Birkaç örnek ile yazımızı allayıp pullayalım.

(Türk Piramitlerinin üstten görünüşü. 34°21'44.48"N 108°37'50.88"E konum)

Gördüğümüz gibi Ok Ur Kan Çağı piramitleri geniş bir tepeye sahiptir. Bu özellik Kızılderili Piramitleri ile birebir uyuşmaktadır.

(Büyük olasılıkla Kan'ımızın Han'larından biri. Annesi, akrabası veya sevdiceği olabilir.)

Burada gördüğümüz ongunlar, pullar ve allar sürekli olarak Türk devletlerinde görebileceğimiz ongunlar, pullar ve allardır. (Bilgilendirme: Ok Ur Kan'ın en sevdiği torunu büyük olasılıkla Kayı'ydı. Hem kendi simgesini vermiş hem de "Güçlü kimse" anlamına gelen Kayı adını torununa vermiş. Kayı adını vermesi sevdiğini neden gösterir diye elbet ki düşünmüş olabilirsiniz. Ok Ur Kan büyük olasılıkla maskülen tip seven biri. Erkeğin kaslı, ilkesine-ülküsüne bağlı olması gerektiğini düşündüğünü anlayabiliyoruz.)

(Ok Ur Kan ya da şimdiki adıyla Oğuz Kağan)

    Bu kadarla da kalmıyor, daha fazla bilgiyi edinebiliyoruz. Ok Ur Kan döneminde devlet bayrağı sarı düz renkmiş. Büyük olasılıkla bölge işaretlemede kullandılar. Bu bildiklerimize bir örnek olsa da ne yazık ki neden sarı olduğunu bilemiyoruz. Çok tutarlı tahminlerde bulunabiliriz. Sarı, Ok Ur Kan'ın soyu olan Yugur ulusuna mensup olmasından ötürü olabilir çünkü Yugur, Sarı Uygur anlamına gelir. (Uygur, Uyğur, Uyğar, Uyğor, Uğor, Ugor, Ugar, Uygar sözcüklerinin hepsi aynı anlama gelir. Medeni demektir. Bunun sebebi Ok Ur Kan'ın kendisine uzlaşmayla katılan herkese "medeni" demesidir. Yugur adıysa kendisine hastır. Bu sebepten ötürü Sarı Uygur deriz. Diğer Uygur uluslarından ayırmak için.)
Bu tam anlamıyla sebep olamayacak olabilir. O yüzden diğer bir tahminimiz sarının anlamıdır. Türk'lerde sarının anlamı hiç değişmedi. Sarı, ordu bayrağında da kullanılmıştır. Kullanım alanlarının bu kadar geniş olmasının sebebi 4 Renk'ten biri olmasıdır. 4 Renk: Sarı, siyah, gümüş ve kırmızı. Türkçeleriyle: Sarı, kara, gümüş ve al. (Askeri anlamda kullanılan al renge "Doru" denir.) Bu bayrak Oz Tamgasını temsil eder. Oz Tamgası döngüyü temsil eder. 

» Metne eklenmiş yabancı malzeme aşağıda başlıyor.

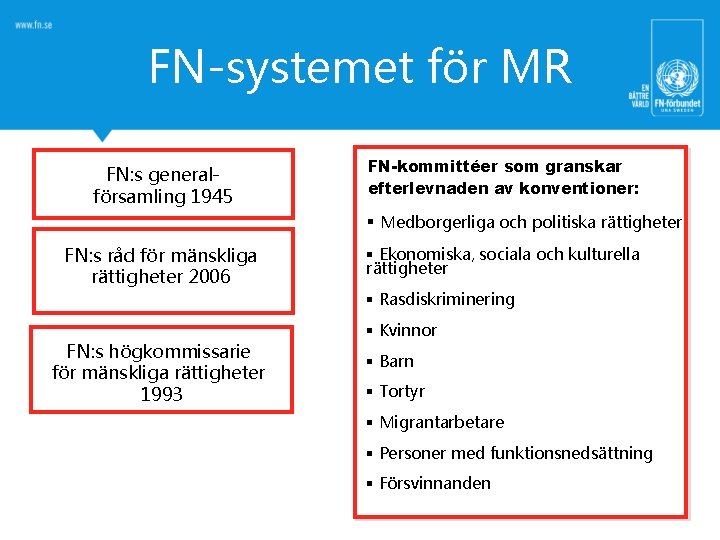 FN-systemet för MR FN: s generalförsamling 1945 FN-kommittéer som granskar efterlevnaden av konventioner: §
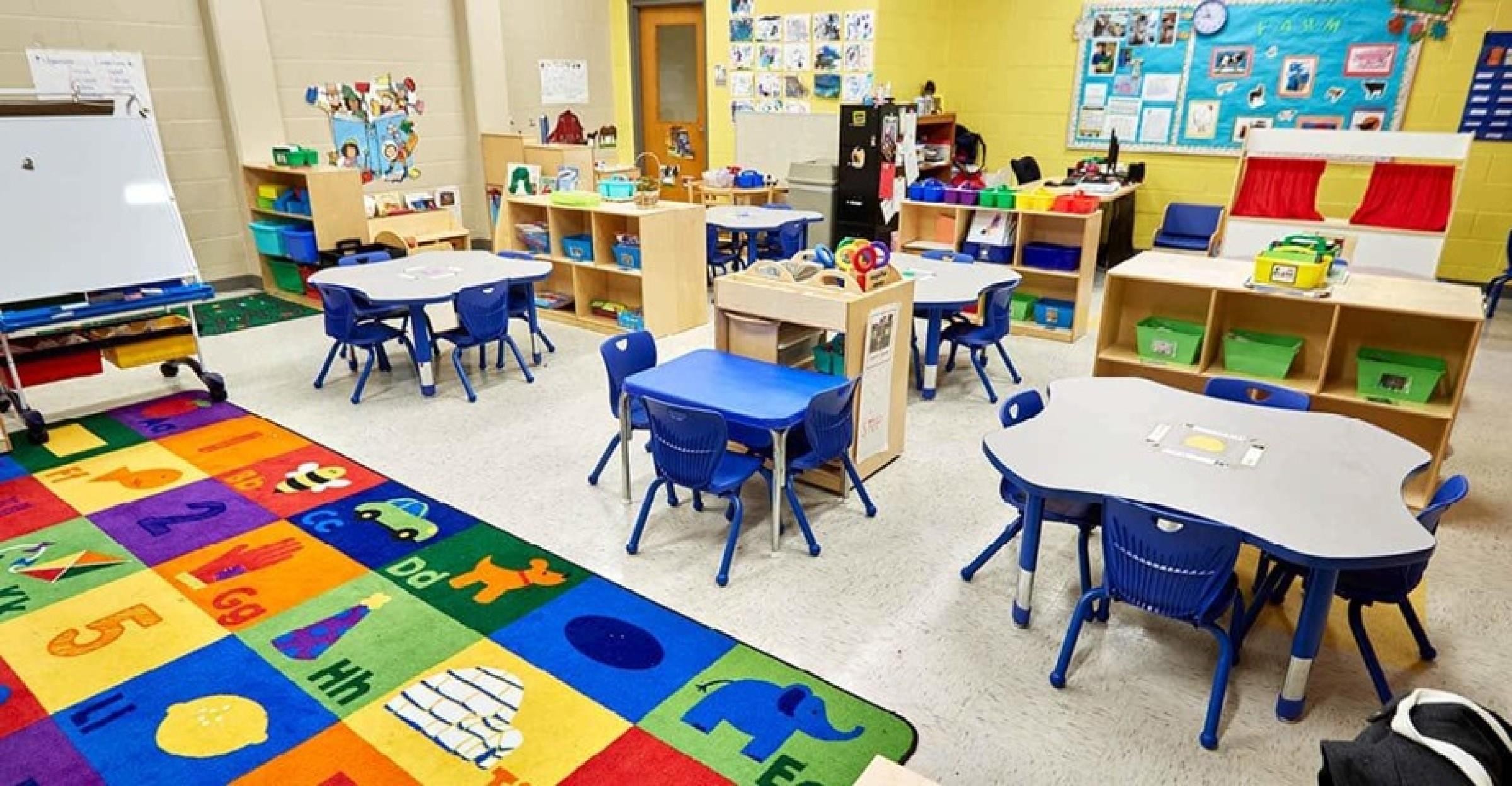 Major Educational Product Importer 686156 3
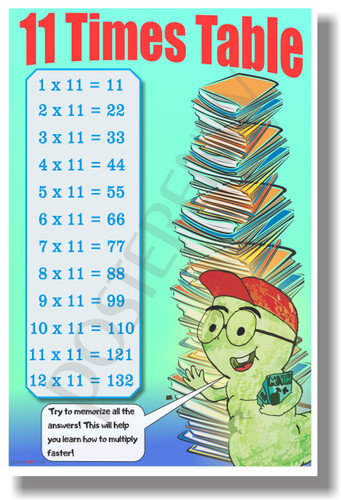 11 Times Table - NEW Math Classroom Poster (ms294) Elementary Math PosterEnvy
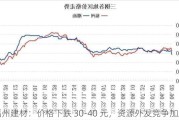 福州建材：价格下跌 30-40 元，资源外发竞争加剧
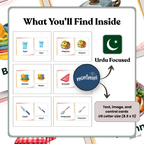 Kitchen Items: 3 Part Montessori Urdu Language Flashcards
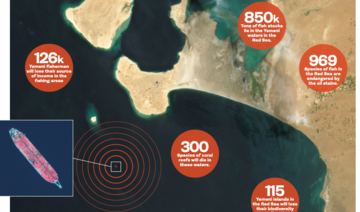 How the FSO Safer is an impending danger to the Red Sea and Yemen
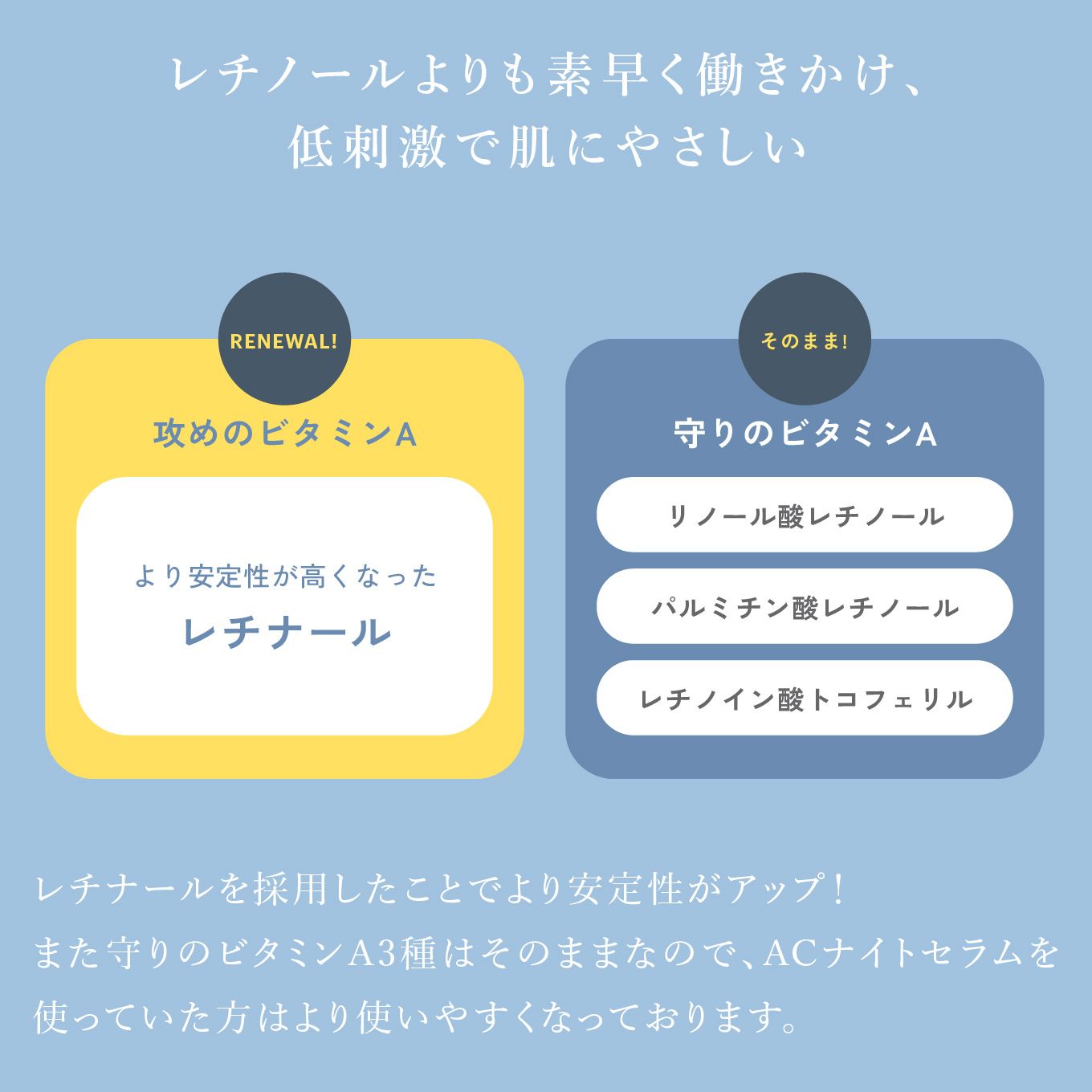 With Dr. WDレチナール2 ｜ With Dr. 公式オンラインショップ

Öz ya da Oz Tamgası geldiğimiz yere gideceğimizi -dolayısıyla zamanı- temsil eder. Bu ordu bayrağı Kızılderililerin bayrağıdır.
(KIZILDERiLiLER KiMDiR (tripod.com) dan alınmıştır.)

    Birçok simge aslında gökyüzündeki olayları temsil eder. Örnek olarak Türk'lerde bulunan, hristiyanlarda bulunan haçtır. O da Oz Tamgası gibi 4 günü, 4 mevsimi, 4 yönü ve 4 rengi temsil eder. 

4 Gün: 
21 Aralık en uzun gece.
23 Eylül eşit gün.
21 Haziran en uzun gün.
21 Mart eşit gün.

4 Renk:
En uzun geceden ötürü Kara.
En uzun günden ötürü Sarı.
Eşit günden Al.
Eşit günden Gümüş.

4 Yön:
Kara, Kuzey.
Ak, (Gümüş) Batı.
Al, (Ordu için Doru) Doğu.
Sarı, Güney.

4 Mevsim:
Aralıktan Kış.
Hazirandan Yaz.
Marttan ötürü geçiş.
Eylülden ötürü geçiş.
(Geçişler Bahar aylarıdır.)

Bunlar 4 Temel'dir.

    4 Temel'i anlatan Oz Tamgası nereden geliyor diye düşünmüş olabilirsiniz. Oz yani Öz ("İnsanın özünün geldiği yer.") Tamgası çengel şekillerinden gelir. Bunu anlamamız için antik bir Türk haritasına bakmak iyi olabilir.
(Buradaki çengeller takılmayı gösteriyor. Çengeller takıldığında döndüğünü gösteriyor. 4 Çengel var. 4 Çengel de birleşip zamanla Öz Tamgasını oluşturmuştur. Gördüğümüz üz're Güneş, Ay ve Yıldız var. Döngü anlatılmak istenmiş.)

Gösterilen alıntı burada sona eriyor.